Every entry is to be transcribed as it stands. Images stay out.

- [Crawled caption data]:
* * * *

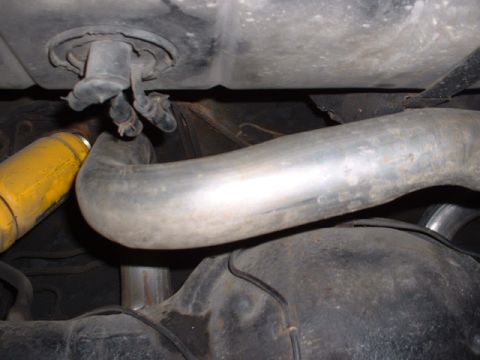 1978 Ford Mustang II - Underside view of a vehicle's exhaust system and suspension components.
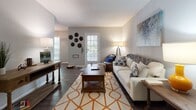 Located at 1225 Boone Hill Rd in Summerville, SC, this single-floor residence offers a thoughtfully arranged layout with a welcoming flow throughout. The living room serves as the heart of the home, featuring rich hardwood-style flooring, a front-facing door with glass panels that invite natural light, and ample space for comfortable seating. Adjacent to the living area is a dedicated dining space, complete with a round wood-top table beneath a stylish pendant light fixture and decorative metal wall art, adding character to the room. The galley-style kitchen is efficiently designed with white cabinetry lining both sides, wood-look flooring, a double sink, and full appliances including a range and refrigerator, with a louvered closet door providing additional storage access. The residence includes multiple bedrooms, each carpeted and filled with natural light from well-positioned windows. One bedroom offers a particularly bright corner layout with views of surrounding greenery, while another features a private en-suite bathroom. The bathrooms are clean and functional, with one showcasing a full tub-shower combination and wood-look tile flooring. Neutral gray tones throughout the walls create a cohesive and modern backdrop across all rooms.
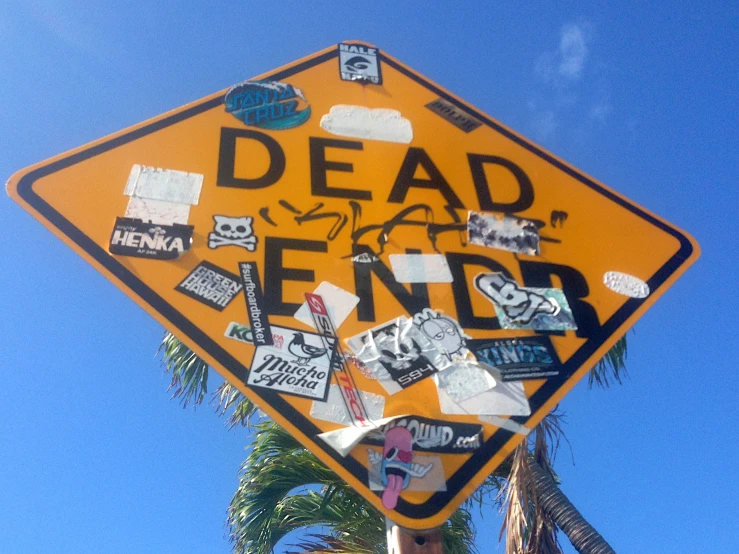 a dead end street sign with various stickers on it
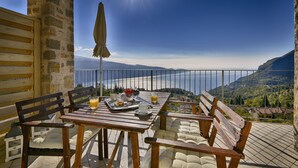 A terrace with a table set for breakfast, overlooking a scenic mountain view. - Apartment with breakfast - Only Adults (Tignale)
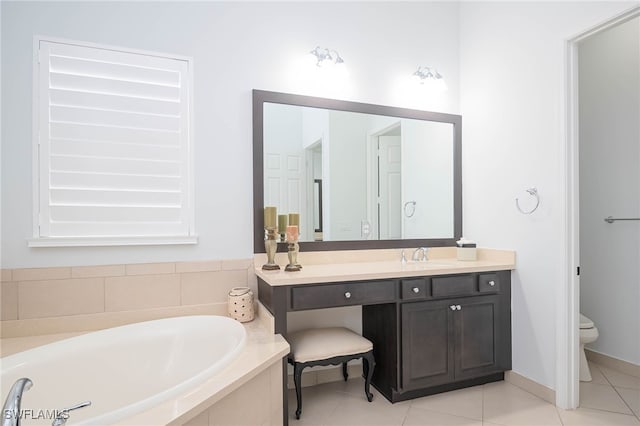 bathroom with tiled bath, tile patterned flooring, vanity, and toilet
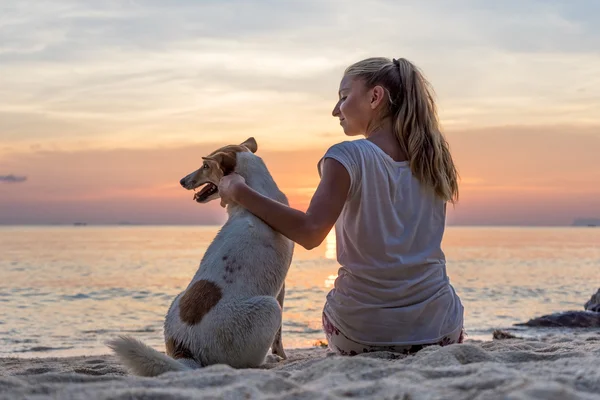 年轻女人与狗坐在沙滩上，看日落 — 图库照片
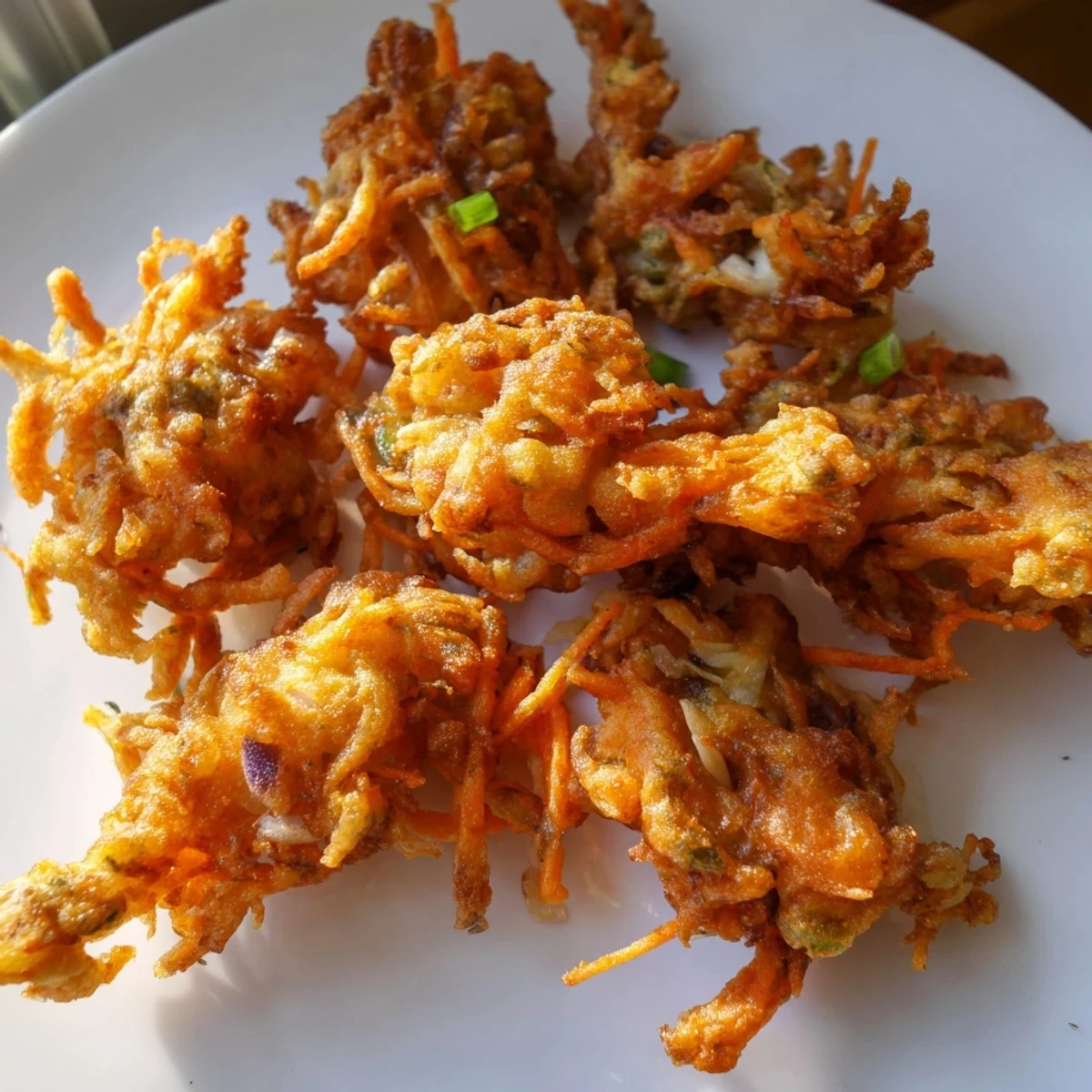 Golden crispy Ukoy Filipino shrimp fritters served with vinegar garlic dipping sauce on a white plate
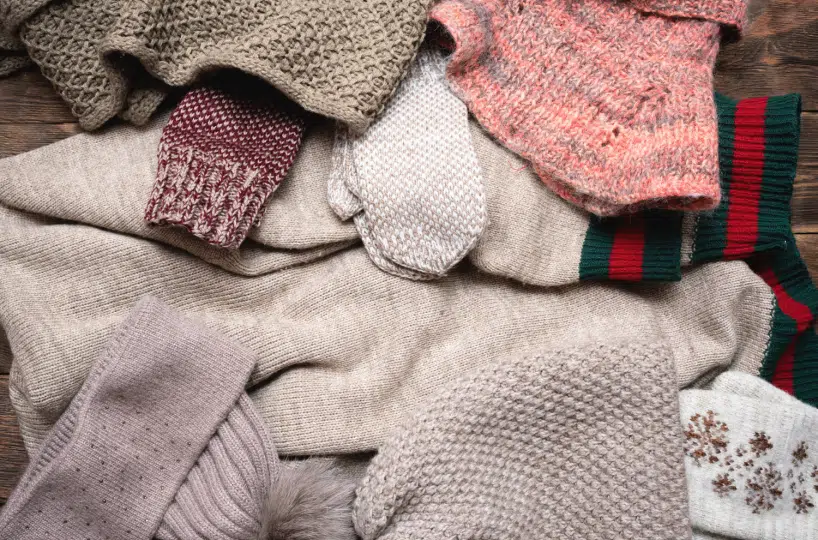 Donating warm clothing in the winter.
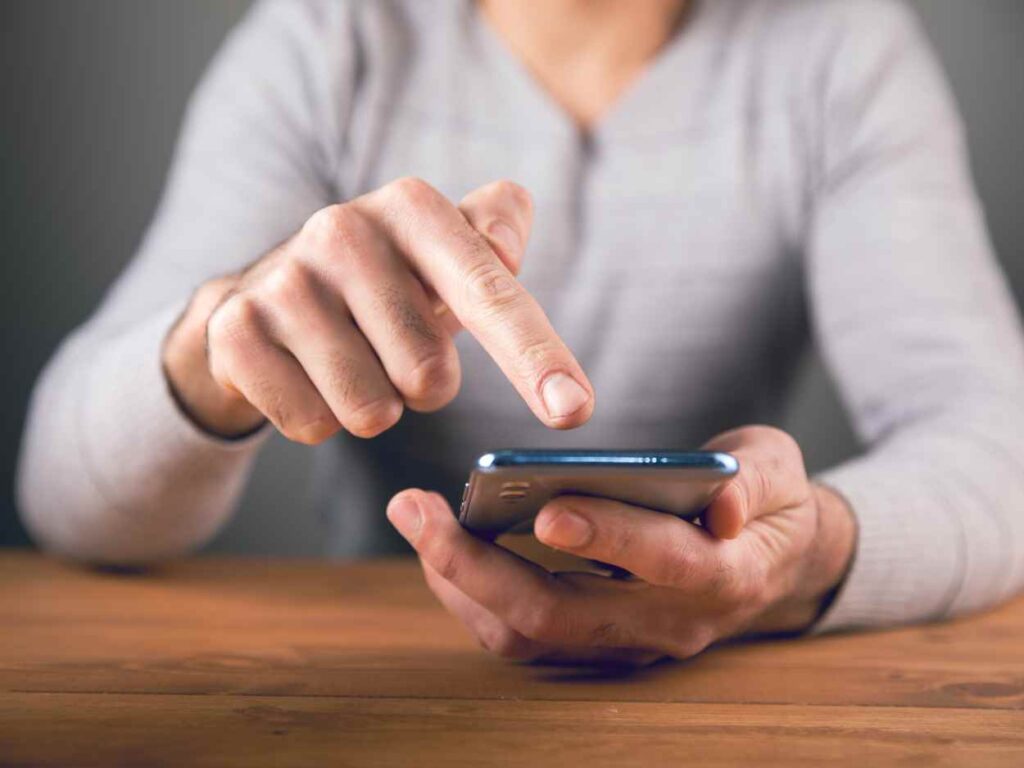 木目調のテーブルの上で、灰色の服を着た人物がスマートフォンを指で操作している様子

* * * *

- [Response below]:
 1978 Ford Mustang II - Underside view of a vehicle's exhaust system and suspension components.
 Located at 1225 Boone Hill Rd in Summerville, SC, this single-floor residence offers a thoughtfully arranged layout with a welcoming flow throughout. The living room serves as the heart of the home, featuring rich hardwood-style flooring, a front-facing door with glass panels that invite natural light, and ample space for comfortable seating. Adjacent to the living area is a dedicated dining space, complete with a round wood-top table beneath a stylish pendant light fixture and decorative metal wall art, adding character to the room. The galley-style kitchen is efficiently designed with white cabinetry lining both sides, wood-look flooring, a double sink, and full appliances including a range and refrigerator, with a louvered closet door providing additional storage access. The residence includes multiple bedrooms, each carpeted and filled with natural light from well-positioned windows. One bedroom offers a particularly bright corner layout with views of surrounding greenery, while another features a private en-suite bathroom. The bathrooms are clean and functional, with one showcasing a full tub-shower combination and wood-look tile flooring. Neutral gray tones throughout the walls create a cohesive and modern backdrop across all rooms.
 a dead end street sign with various stickers on it
 A terrace with a table set for breakfast, overlooking a scenic mountain view. - Apartment with breakfast - Only Adults (Tignale)
 bathroom with tiled bath, tile patterned flooring, vanity, and toilet
 年轻女人与狗坐在沙滩上，看日落 — 图库照片
 Golden crispy Ukoy Filipino shrimp fritters served with vinegar garlic dipping sauce on a white plate
 Donating warm clothing in the winter.
 木目調のテーブルの上で、灰色の服を着た人物がスマートフォンを指で操作している様子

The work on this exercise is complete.